C. : Oui, Cassavetes était aussi intéressé par l’expérience de vie que suscitait le film que par le film lui-même. Et le titre qui a changé plusieurs fois ?
J.L. : On a longtemps cherché le titre. Et puis, je me suis rendu compte que c’était un film qui m’avait rendu heureux, qui m’avait décoincé, qui m’avait fait comprendre que le désir était complexe mais vivable et qu’on pouvait cesser de vouloir contrôler les choses. Il y a des ruptures inévitables, mais il faut vivre. Folie Privée parle de la violence, de l’absence de désir, de la mort. Ça rend heureux est lié à ça mais de façon quasi-inverse.

 

C. : Au début de Ça rend heureux, tu as l’air de dire que Folie Privée n’a pas très bien marché ?
J.L. :  Ce n’est pas tout à fait vrai. Il a été vu en Belgique par un peu moins de dix mille personnes, si on additionne les festivals, sorties salles, les scolaires.
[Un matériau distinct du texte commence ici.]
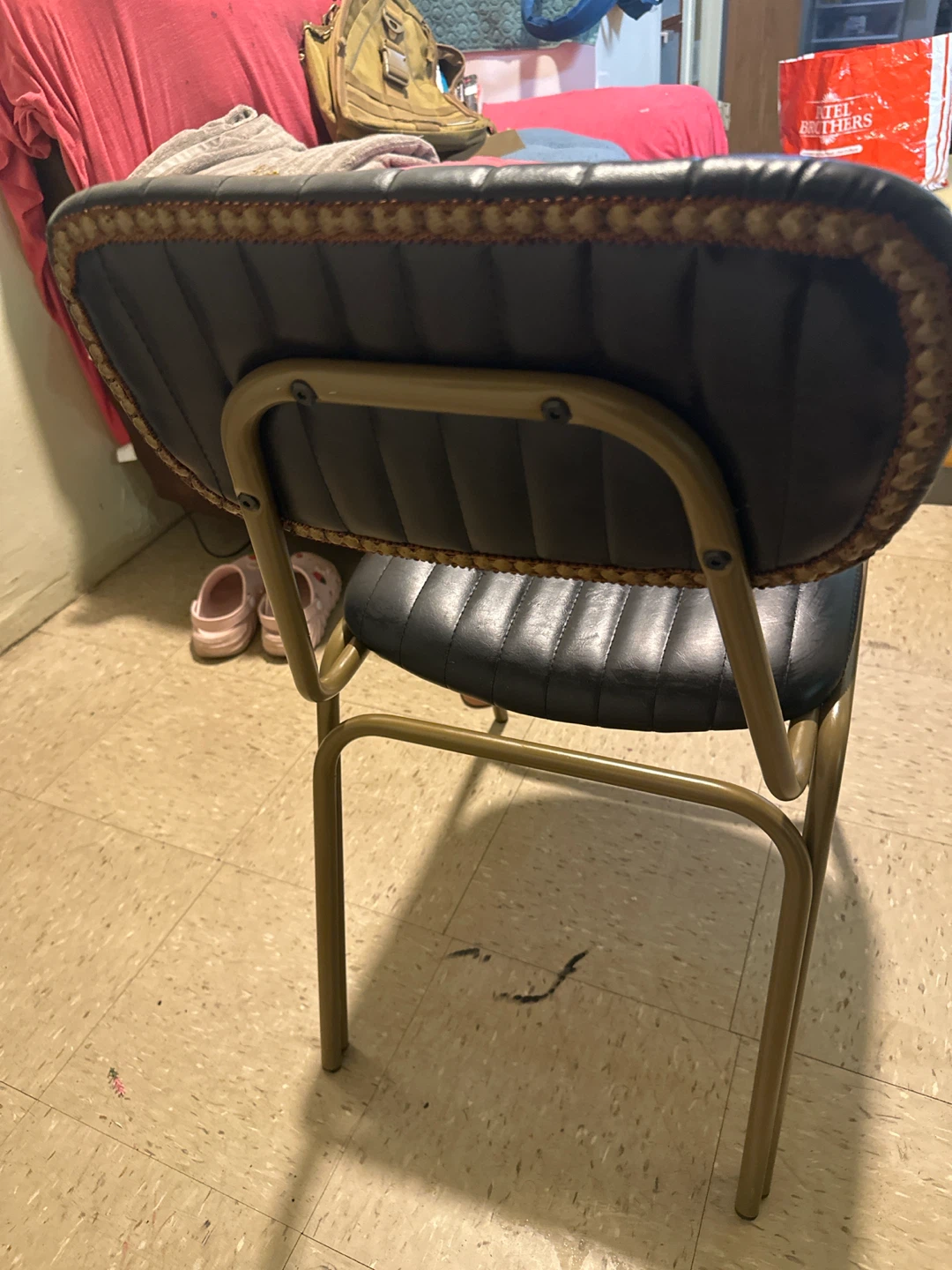 Black Upholstered Chair with Gold Frame - photo 3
Par rapport à ce qui se fait en Belgique ce n’est pas un échec, c’est un échec par rapport aux films étrangers.
S. T. : Il y avait l’idée du questionnement des années que l’on passe à faire un film. Trois ans c’est long ! L'échec est plutôt symbolique.

 

C. : Et puis cette introduction est à la limite du burlesque.
J.L. : Oui. Mais c’est aussi une réflexion sur la situation actuelle du cinéma en général.